- Exercise directions: Write out again the lines from the line with "Atlantic Millhouse Brass" up to and including the line with "TFA Dostmann 60.3058.06.90", exactly as they stand below, and skip any picture.

- Data for this task:
▼▼▼

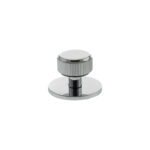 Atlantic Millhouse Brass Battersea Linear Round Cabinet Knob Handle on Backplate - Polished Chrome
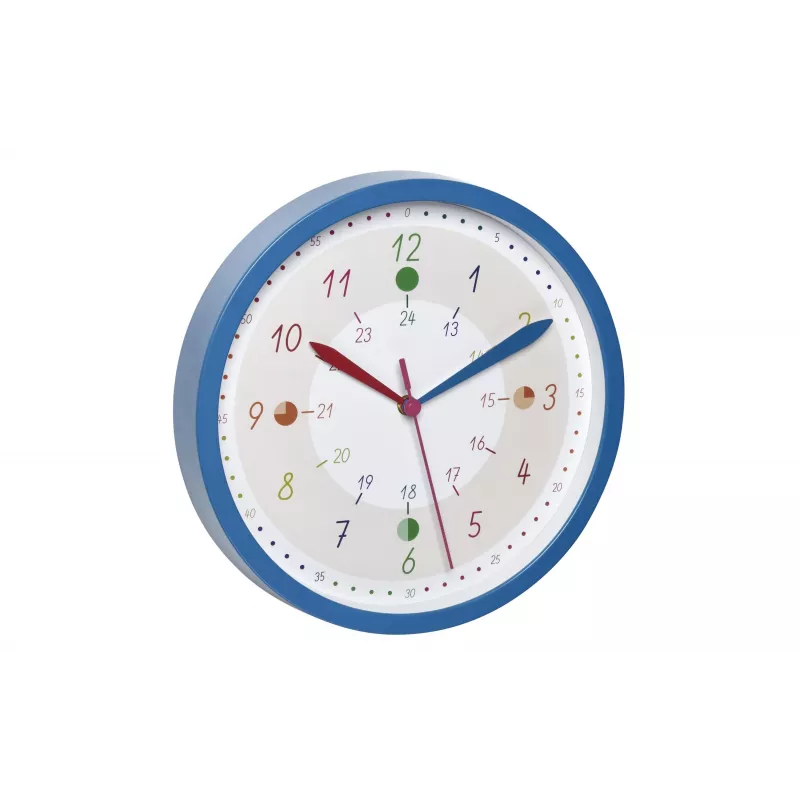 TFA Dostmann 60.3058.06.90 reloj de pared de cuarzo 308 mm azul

▲▲▲
▼▼▼

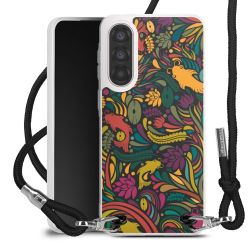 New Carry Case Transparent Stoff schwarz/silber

▲▲▲

- Exercise result:
 Atlantic Millhouse Brass Battersea Linear Round Cabinet Knob Handle on Backplate - Polished Chrome
 TFA Dostmann 60.3058.06.90 reloj de pared de cuarzo 308 mm azul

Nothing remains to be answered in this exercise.